Chapter Five
The reality of our first dinner at sea bore no resemblance whatsoever to my romantic vision. I had seen us relaxing on deck as the Reward rocked gently at anchor in a turquoise bay. The baby Weber barbeque kettle would be smoking in the stern while we sipped our wine and watched a magical sunset. Of course, we would be tired from our day of fishing, but it would be a satisfying weariness; a great sense of accomplishment. We would gaze into each other’s eyes and share a silent certainty that we were both feeling very grateful for our life together.

The truth was that Wes had not even finished pulling the gear until almost dusk. He filleted the cod we had caught earlier and handed me two chunks of white fish that I was expected to turn into a meal. He set the Reward on course for anchorage at full speed ahead and as we began to plunge and roll about, he went into the fish hold to ice the catch from the evening bite. We had managed to pull six more fish aboard that afternoon, though none were as fat as the first one.

I stood in front of the sink and looked at the cast iron skillet that was wedged into it. It was caked with dried egg and sausage grease from Wes’ breakfast. I held the fish fillets in one hand, braced my feet on either side of the narrow aisle, and poured warm water from the tea kettle over the skillet. I put the kettle back into its secure corner of the stove, and tried to scrub the crustiness from the fry pan with one hand and an SOS pad. I gave the pump one push to rinse, but the cold water just seemed to congeal the grease and I made very little headway. To this day, I am grateful every time I turn a faucet handle and hot water pours directly from the spigot in unlimited amounts. Most folks think I am deprived because I have no dishwashing machine, while I am joyful just to put both hands in a sink full of hot and soapy dishwater.

Wes came up from below and saw my struggle. He grabbed the skillet, carried it outside, leaned over the rail when Reward rolled to port, and scoured it quickly in the rushing pressure of the passing seawater. It sizzled when he set it on the stove top to dry and it rusted as it warmed.

“Just wipe it out with a paper towel from now on,” he told me. “It will season itself. Don’t try to wash it.”

I dug the bottle of corn oil out from under the bench storage and poured some in the pan. I cranked up the stove’s carburetor and when the oil was hot, I dropped in the fish. Having two hands to work with, then, I managed to open a can of peas and dump them into a small sauce pan which I wedged in the remaining space on the two foot square stove. It took us about an hour to run to the with Wes keeping watch as the gray skies turned to darkness. We ate the soggy, tasteless fish and luke-warm peas as quickly as we could, before the food could go flying from our paper plates. Most of my peas actually did roll onto the cabin floor, but Cleo was quick to snap them up with boundless gratitude.

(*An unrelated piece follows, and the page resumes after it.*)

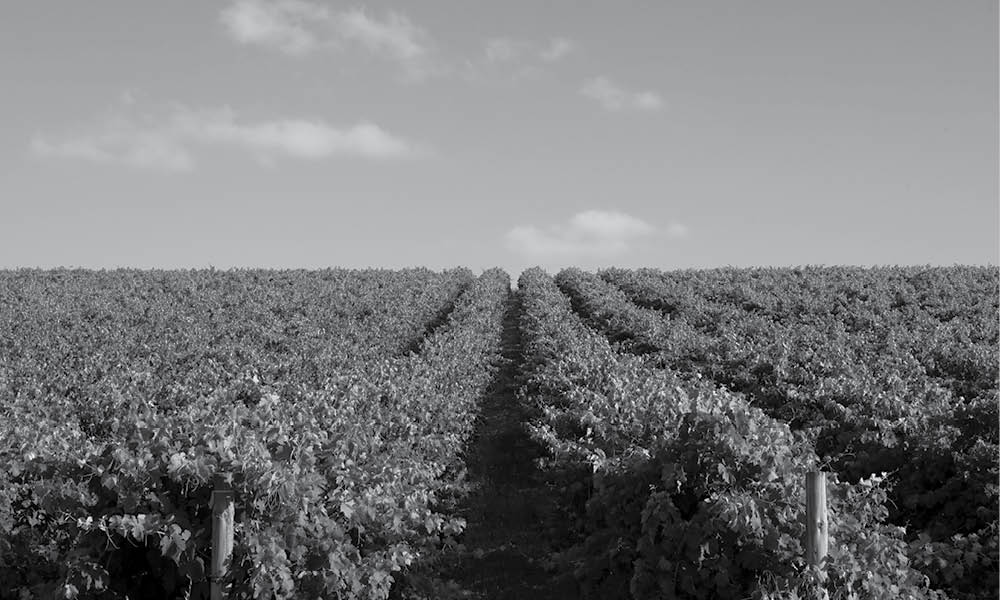Vine rows at Aramis Vineyard, Willunga Hills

Now, five years later, I was rolling along that same floor, underwater and terribly afraid, as Reward was diving beneath the weight of the monster wave that I had invited in. The romantic framework that I had refused to relinquish was washing away completely. I clutched at some way of placing blame or organizing my thoughts into some reasonable acceptance of my final moments in this lifetime.

I had argued vehemently against making that final tuna trip. I wanted the extra time to get ready for crab season without the perpetual pressure that the opening day deadline always exerted. I even dreamed about taking a few days off just to play; sleeping in late and walking on the beach with Cleo. The competitive energy that raged in Wes’ deepest nature would not allow him to stay ashore when there were still tons of fish swimming nearby. If Cool Pete or Crazy Paddy brought in a few ton more than we did, he felt somehow diminished in the entire scheme of things. I could not prevail against such power as that. So there we were, awash in a monstrous Pacific Storm that was about to splinter us one way or another. The ocean comer broke over the entire cabin with full force upon our bow, driving the Reward ever deeper into the sea.

As my body floated freely in the cabin aisle, I reached that state of pure weightlessness that comes at an apex; a tipping point where a commitment is finally made. I realized that the ocean was my mother and I smiled. Seawater rushed into my mouth and I received it with complete willingness to fall back into the womb. My whole life could begin again and I was flooded with the warmth of possibilities. The visions swirled in brilliant colors through my mind, but there I was; doing everything I had already done!

How different things might have been if I had resisted the passion that drew me instantly to Norman Wesley Holck. But I fell into his arms again and gave my life over to the mission of trying to bring him joy. His tender beauty and the innocence of his intentions lured me as surely as a shiny anchovy would catch a hungry Salmon. I could feel the gravity of his need and it pulled me almost inside out with its incredible power. My attraction to him vibrated with an urgency that drove me to the edges of my sanity and made me stronger than I really was. He was like adrenaline gushing through me and enabling me to do great deeds and endure tremendous hardships in moments of dire necessity. That first night of our first Salmon trip together, I climbed up and fell into my bunk, with an exhaustion that crushed the breath out of my soul.